137.17円安の20736.89円(出来高概算約6億2562万株)で前場の取引を終えた。
前日の米国市場では、トランプ大統領による一般教書演説は概ね想定通りで目新しさに乏しく、売りが先行したものの、ムニューシン米財務長官らが来週に米中通商協議を再開することが伝わり、対中貿易摩擦問題の解決を期待する見方から下値も限られた。
なお、シカゴ日経225先物清算値は大阪比10円安の20860円になり、日経平均はシカゴ日経225先物清算値を下回る水準で寄り付いた。
前日に市場予想を上回る第3四半期決算と自社株買いを発表したソフトバンクG (T:9984)が2ケタを超える上昇になったものの、相場全体のセンチメント好転には至らず、前場の日経平均はマイナス圏での推移が続いた。
寄り付きから上げ幅を拡大したソフトバンクGは前引け時点で17%高になり、1銘柄で日経平均約161円分の下支え要因となった。
しかし、値下がり率寄与トップは、ファーストリテ (T:9983)となり、テルモ (T:4543)やダイキン (T:6367)などもそれに続いたうえ、日経平均採用銘柄のうち値下がり銘柄数が200銘柄となったことから、ソフトバンクGの指数上昇分を打ち消す格好になっている。
前日の米国市場では、CEOがサイクルの底に言及したことが伝わったマイクロチップ・テクノロジーが大幅上昇をみせ、米半導体SOX指数が6営業日続伸となった流れから、東京市場でも東京エレクトロン (T:8035)やスクリン (T:7735)などといったソフトバンクG以外にも半導体関連銘柄が堅調な動きをみせている。
一方で、月次売上の弱さや日銀による225ETF(上場投資信託)のウェイト縮小の見方も完全には払拭されていないファーストリテなどといった銘柄の弱い動きが目立つなか、日経平均の21000円を前にした上値は依然として重い印象である。
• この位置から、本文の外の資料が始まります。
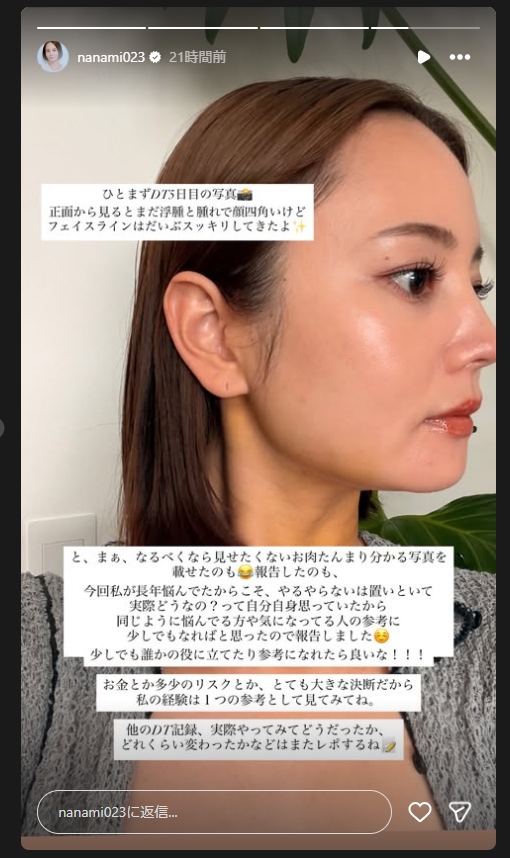 奈々未のインスタグラムから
この節目の水準を前にした海外短期筋による先物売りも観測されており、本日は一段と手がけ辛さが意識されているようだ。
足元の企業決算では、前日のトヨタ自動車 (T:7203)のように下方修正をした銘柄に対するアク抜けの市場反応も出にくくなっているほか、日本企業の業績に対する警戒感は改めて根強いとの見方が先行している。
トランプ大統領による一般教書演説といったイベントを通過したものの、動意に乏しい相場展開が続いており、目先の物色対象としても好業績を発表した企業など一部の銘柄に限られよう。